If a client walks in the door and they are illegal, the temptation is to call Immigration to try and sort it out. Don’t do this. Immigration officers are never friends of an illegal. First up make a thorough and full assessment of the client’s visa position. If the client has a visa label then that is the first place to start to investigate the client’s position. If you have no visa label and the client is uncertain of his visa status, only then call Immigration to work out the exact position.  When you do call give only the minimal information away – give your client as much room to move as possible.

What you immediately have to assess is whether it is worth leaving Australia quickly to avoid the 3 year ban.

It can be a very tricky situation. An illegal or a person on a bridging visa C, D or E could face a three year ban from re-applying for a visa.  One needs to carefully access whether the client should leave Australia if there is some prospect of avoiding the 3 year ban.

People can avoid the 3 year exclusion on becoming unlawful or holding a Bridging visa C, D or E period by leaving Australia relatively promptly after becoming unlawful.  It is particularly relevant for students who drift into becoming unlawful.  Often clients have not had this option carefully explained to them.
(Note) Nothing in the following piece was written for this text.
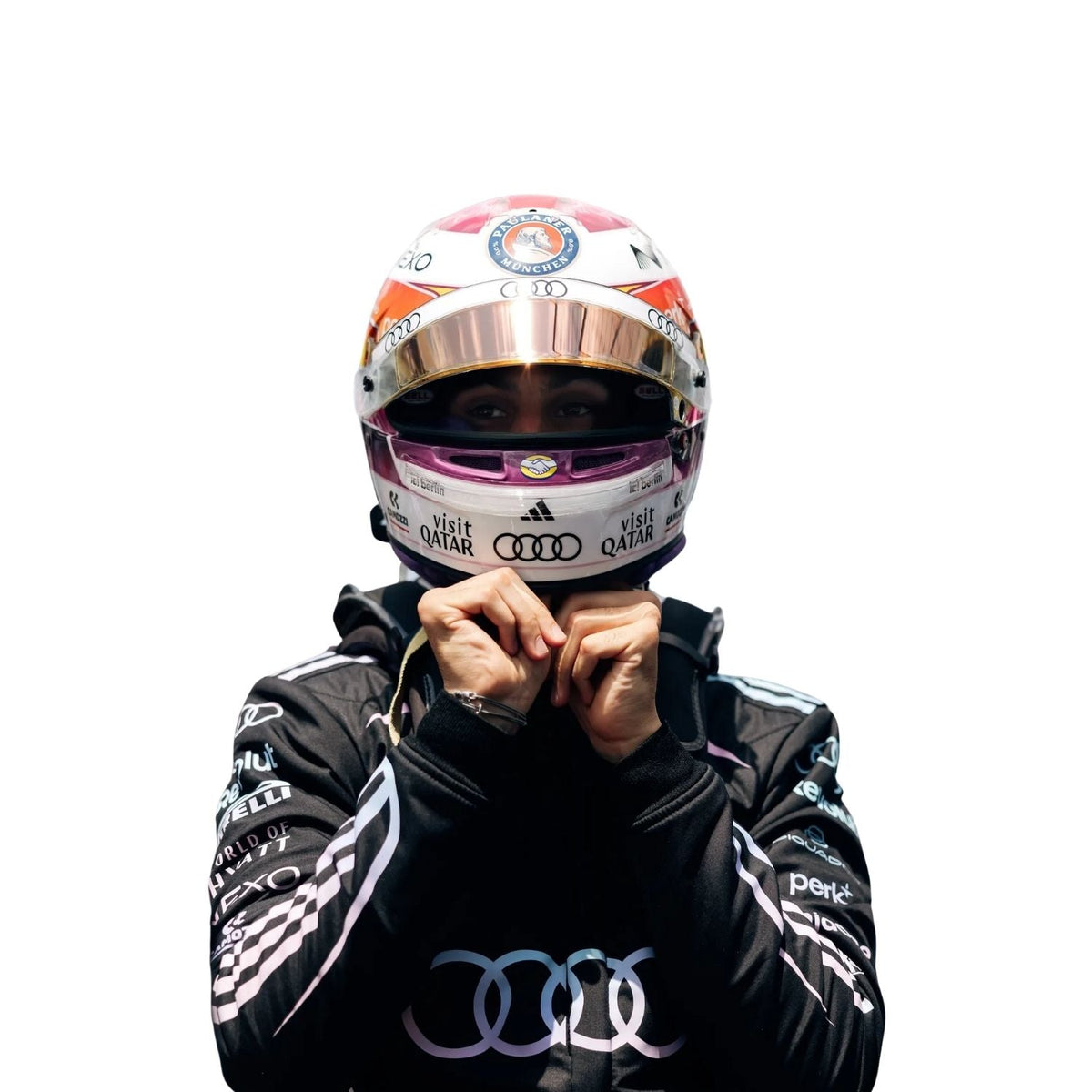 Gabriel Bortoleto wearing a black racing suit with Audi and Revolut logos on a white background close view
Here is what Public Interest Criteria (PIC) 4014 says as relevant:

(1)      If the applicant is affected by either of the risk factors specified in subclauses… (4):

(a)      the application is made more than 3 years after the departure of the person from Australia referred to in that subclause; or

(b)      the Minister is satisfied that,….:

(i)      compelling circumstances that affect the interests of Australia; or

(ii)      compassionate or compelling circumstances that affect the interests of an Australian citizen, an Australian permanent resident or an eligible NZ citizen;

justify the granting of the visa within 3 years after the departure.

(4)      Subject to subclause (5), a person is affected by a risk factor if the person left Australia as:

(a)      an unlawful non-citizen; or

(b)the holder of a Bridging C…, D or E visa.
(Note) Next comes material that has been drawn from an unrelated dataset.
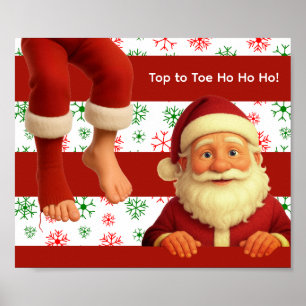 Santa Kopf & Beine Nordpol Spaß Weihnachtsdesign Poster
(5)      Subclause (4) does not to apply.. if:

(a)      the person left Australia within 28 days after a substantive visa held by the person ceased to be in effect…; or

(b)      a bridging visa held by the person at the time of departure was granted:

(i)      within 28 days after a substantive visa held by the person ceased to be in effect; or

(ii)      while the person held another bridging visa granted:

(A)      while the person held a substantive visa; or

(B)      within 28 days after a substantive visa… ceased to be in effect…

PIC 4014(5)(ii) is unnecessarily complex.  Here is what it means.  Obviously if a person leaves Australia within 28 days of holding a substantive visa the 3 year exclusion does not apply.
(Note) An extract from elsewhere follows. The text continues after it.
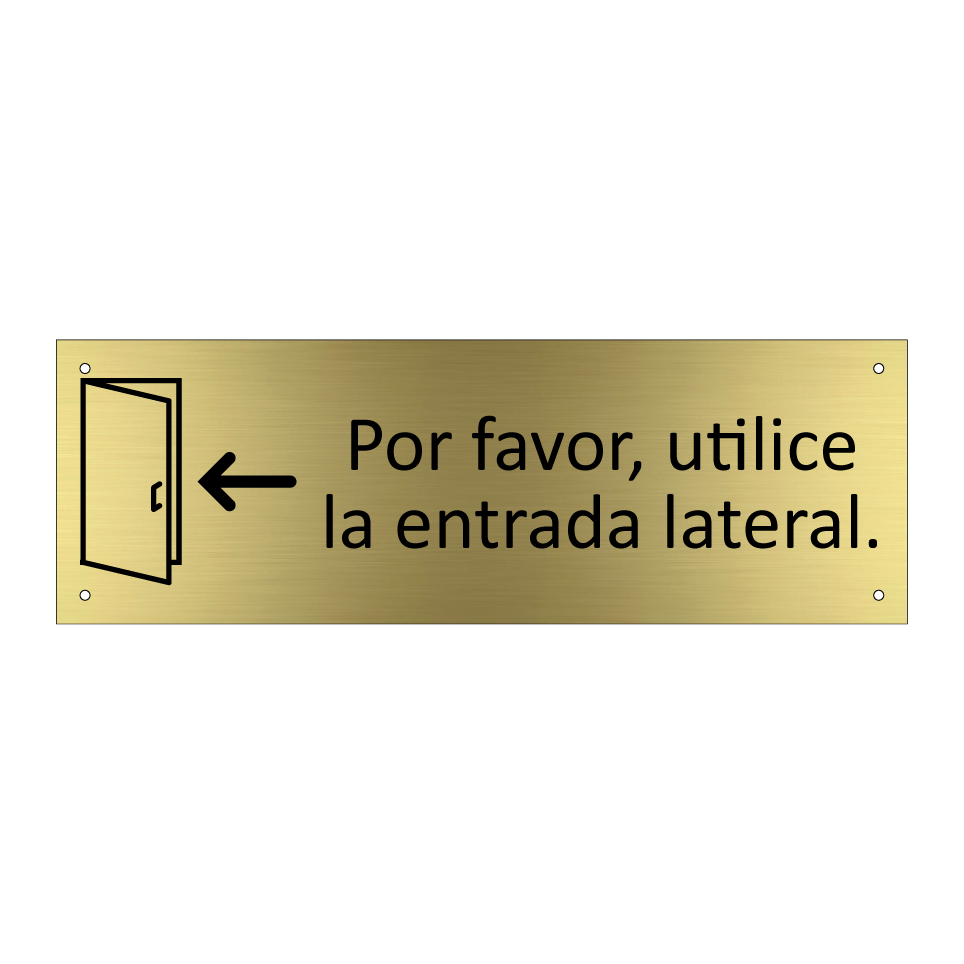 Por favor, utilice la entrada lateral.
But a person could be granted a bridging visa during that 28 period after the substantive visa expired in which case if the person left during the tenure of that bridging visa then similarly the 3 year exclusion does not apply.

But there is a 3rd situation.  A person may be granted a second bridging visa during the 28 day period after the substantive visa expired.  This opens the ability of a migration agent to carefully manage the departure of the client and at the same time give clients some extra time to sort out their affairs. The key to the strategy is to try and have a second bridging visa granted during that 28 day period and try and have the term of the second bridging visa as long as possible.

Finally if the person has only been unlawful for less than 28 days, it may be possible to apply for another visa (like a student visa) and re-establish one’s lawful status. It is all quite complex and extreme care needs to be taken to take the course which causes the least damage to the client.